What is Observability?

Observability is a mindset that enables you to answer any question about your entire business through collection and analysis of data. If you ask other folks, Observability is the dry control theory definition of 'monitoring the internal state of a system by looking at its output,' or it's the very technical definition of 'metrics, traces, and logs.' While these are correct, Observability isn't just one thing you implement, then proudly declare 'now this system has Observability™.' Building Observability into your business lets you answer questions about your business.

What Kind of Questions?

Of course, the basic 'what happened in our app when this error count spiked up' questions can be answered with Observability tools, but that's barely scratching the surface of what Observability actually is. What an Observability mindset lets you do is to figure out why the error count spiked up. If you're intimately familiar with your app and all of its dependencies, then perhaps you can get this insight from a monitoring system, but as modern apps become increasingly more complex, the ability to maintain the state of them in your head becomes more and more challenging. Business demands, feature launches, A/B tests, refactoring into microservices… things like this all combine to create ever-increasing entropy, so knowing everything about your system without help gets more difficult by the day.

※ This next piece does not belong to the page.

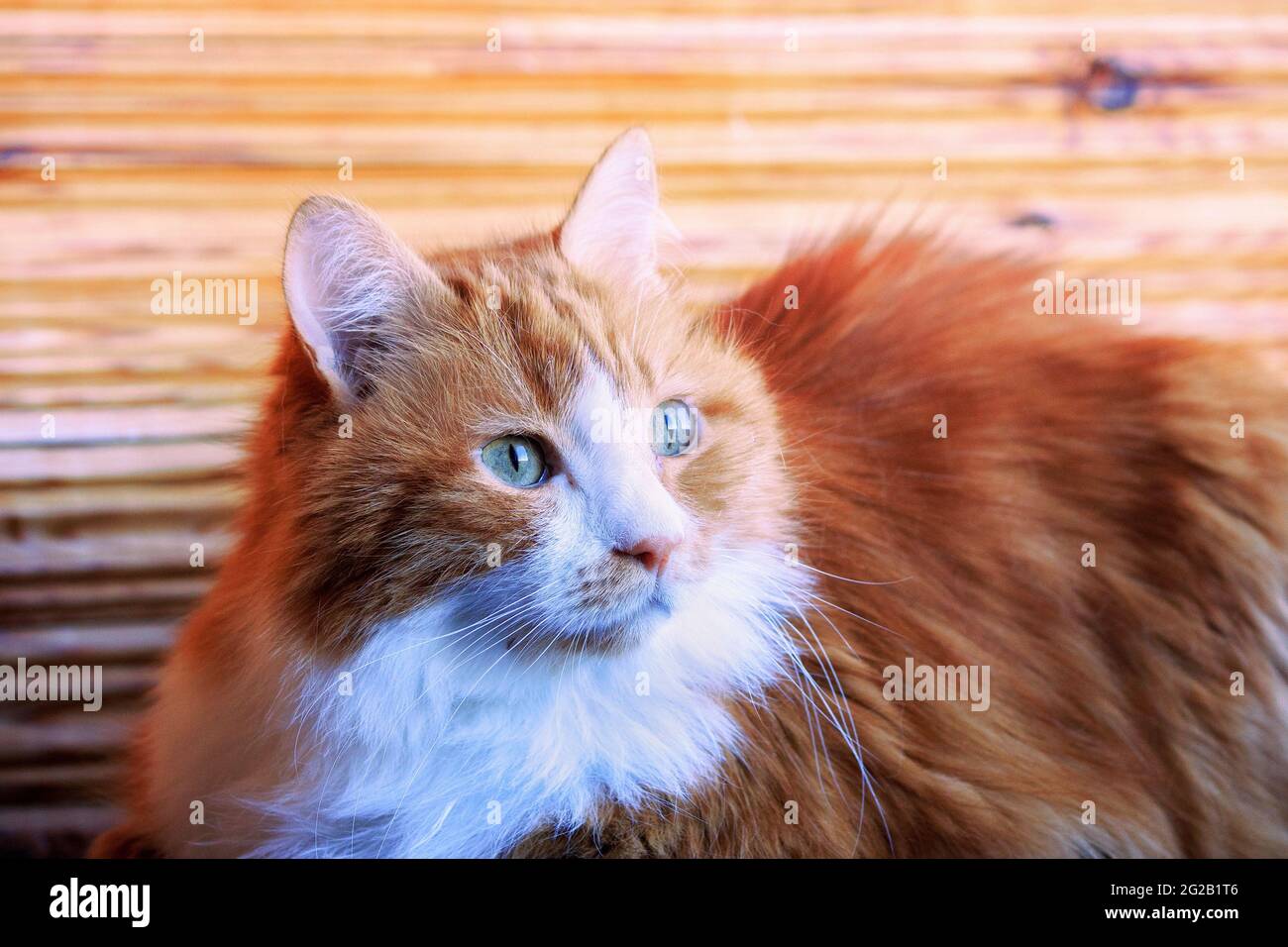 Porträt einer Katze, die zu Hause posiert Stockfoto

Observability also lets you ask how (or if!) the errors actually impacted the user experience. You can look at RUM data, purchase volume, general business metrics, marketing campaigns, customer support tickets, social media sentiment, the list goes on and on - this data takes an Observability system from something only a few people use to something the entire company can get insight from. This data lets you answer not just 'what,' but 'why' and 'how.' A true Observability suite lets you answer all of these:

'What made this break?'
'How effective was this ad?'
'Did this new front-end design drive purchases?'
'Did this service outage make our users angry?'

Why Should You Care?

Integrating this type of data into your system lets you discover that a marketing campaign you sent to your best customers had a typo in the call to action URL that is sending customers to a 404 page. Without fully integrating data into your Observability solution, sure, you can see the 4xx rate increased. However, you can't figure out why the 4xx rate went up, only that the 4xx rate went up. Imagine how much faster you could resolve an issue if in addition to 'fe-server 4xx above threshold' you also saw an event showing that 'marketing campaign whales-winback started' happened at the same time. You'd know not only what was wrong, but you'd have a good guess at what caused it, and you'd have a good springboard to investigate the revenue impact, or negative goodwill, that this error caused you.

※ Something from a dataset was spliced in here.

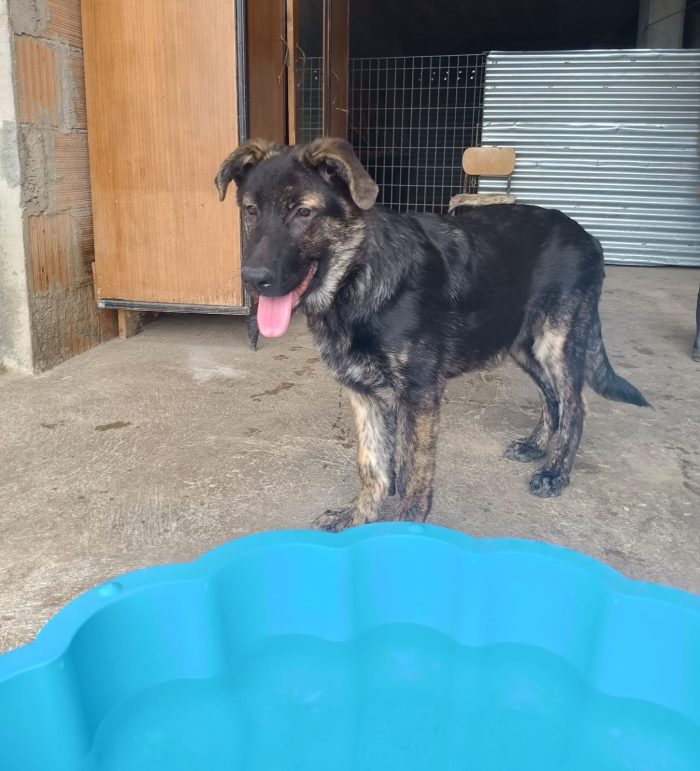 Zorro splendido cucciolo simil pastore cerca casa - media 4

How is This Not Monitoring?

As I said, monitoring tells you something is wrong, but it doesn't tell you why it's wrong. Monitoring setups also can only monitor things you've already thought could be problematic (your 'known knowns'.) If you didn't think to instrument the component in question in advance, you can't monitor it. What's worse, if you then have a problem there and decide to add monitoring to it, you still don't have the historical data about how the component performed. Also, monitoring requires special attention before you even know what could go wrong - you have to specifically instrument specific things and set up specific alerts about them. This takes time and is prone to errors.

Also, no matter how well-instrumented your monitoring solution is, it still doesn't let you explore your business. Looking into 'unknown unknowns' isn't possible with a classic monitoring system, because the data simply doesn't exist for you to evaluate. Adding in business metrics is generally not supported or poorly supported in traditional monitoring. Real-user data is almost never included in monitoring systems, which is absurd, because the entire point of what we do in web applications is delivering user experience!

How Do the 'Three Pillars' Work Together?

Metrics, traces, and logs are the 'three pillars' of Observability, and they are necessary but not sufficient to really understand what Observability is and to gain insight into your applications and business. Metrics can be used to tell you what's wrong. Traces tell you how it's wrong - what specific calls aren't working, for example. Logs tell you why it's wrong, letting you dive into a particular metric/trace to figure out why it's behaving in the way you see. Collecting this data is the start to an Observability mindset, but it's only the start.

Why Do You Need Every Single Piece of Data?

A big problem with Observability from the naive point of view is that there's simply too much data to collect and retain it all. 'You can't realistically store the amount of output generated by a modern service in one place,' goes the refrain. The solution to this that most vendors propose is what they call sampling, but what I like to call 'throwing data away.' The data that gets thrown away might be your most critical customer's transaction. It might be the one particular use case that causes some bizarre bug that crashes your database server. What's worse is that a lot of vendors will advertise this as a feature to 'save you money.' I'll go into more detail about the hidden costs of sampling in a separate blog post.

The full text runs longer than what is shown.